▸ **Work to be completed**
Write the data out in full and word for word. Do not include images.

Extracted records
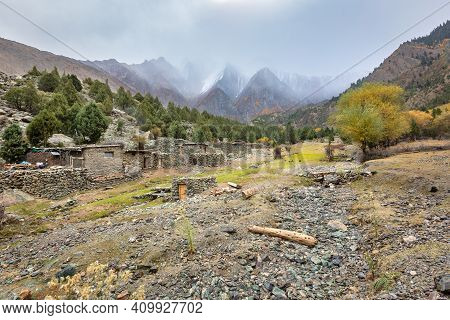 Stone Buildings In Karakorum Mountains Cloudy Weather . High Quality Photo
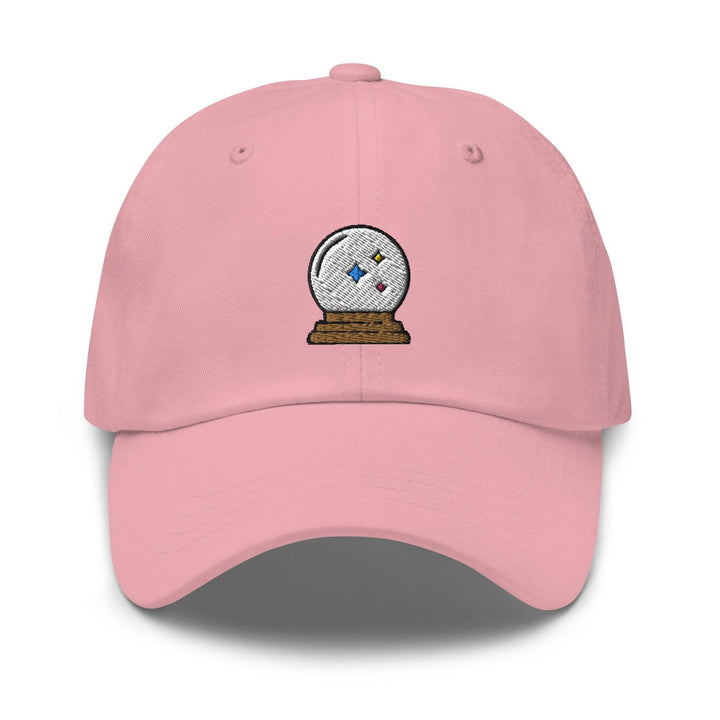 a pink hat with a snow globe on it
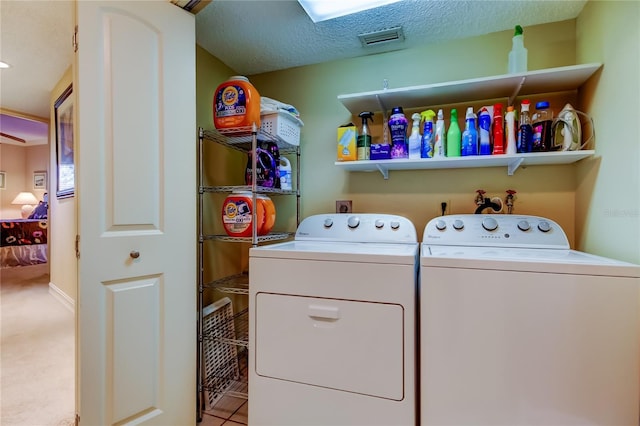 washroom with laundry area, washing machine and dryer, visible vents, and a textured ceiling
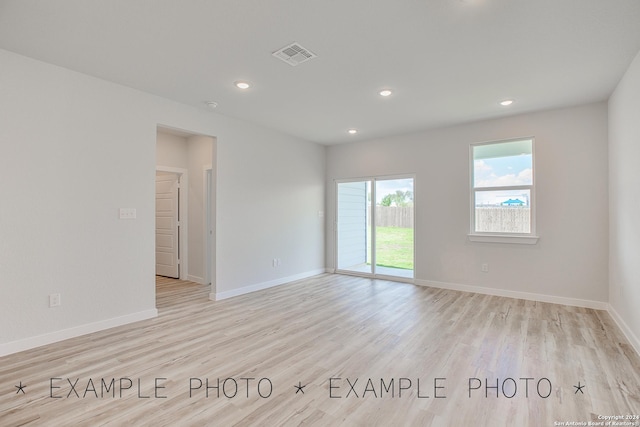 spare room with light hardwood / wood-style floors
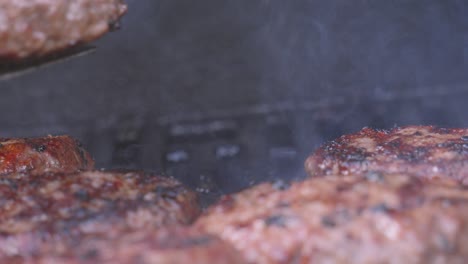 chef quickly flipping burger with fire flames and smoke rising on barbecue. minced steak meat traditionally put in bun. delicious unhealthy summer outdoor food.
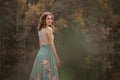 A girl is dancing on a wooden bridge against the backdrop of a forest lake. Royalty Free Stock Photo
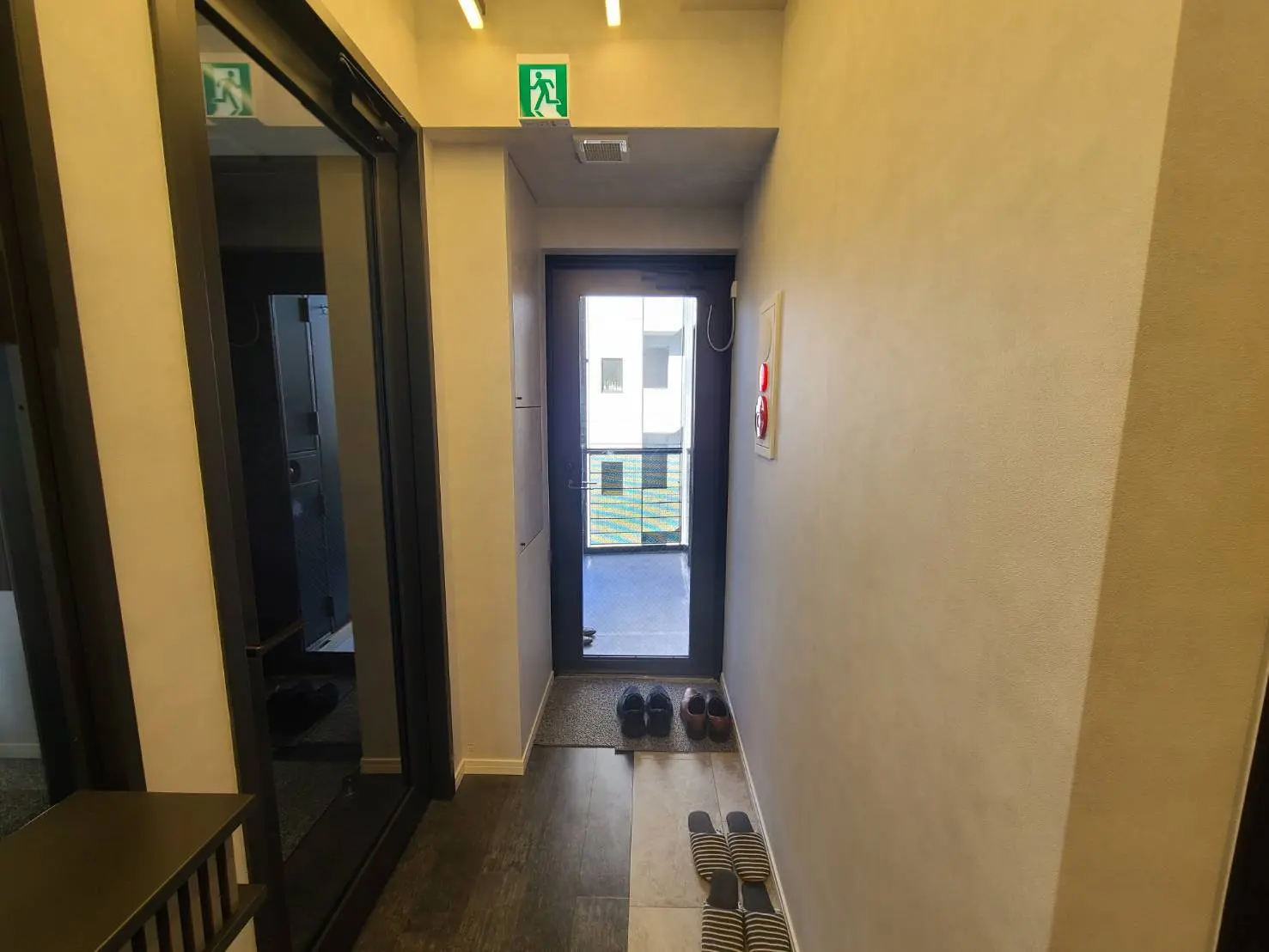 シンプルなデザインの玄関ホール、避難口標識とスリッパが置かれた室内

▸ **Finished task**
 Stone Buildings In Karakorum Mountains Cloudy Weather . High Quality Photo
 a pink hat with a snow globe on it
 washroom with laundry area, washing machine and dryer, visible vents, and a textured ceiling
 spare room with light hardwood / wood-style floors
 chef quickly flipping burger with fire flames and smoke rising on barbecue. minced steak meat traditionally put in bun. delicious unhealthy summer outdoor food.
 A girl is dancing on a wooden bridge against the backdrop of a forest lake. Royalty Free Stock Photo
 シンプルなデザインの玄関ホール、避難口標識とスリッパが置かれた室内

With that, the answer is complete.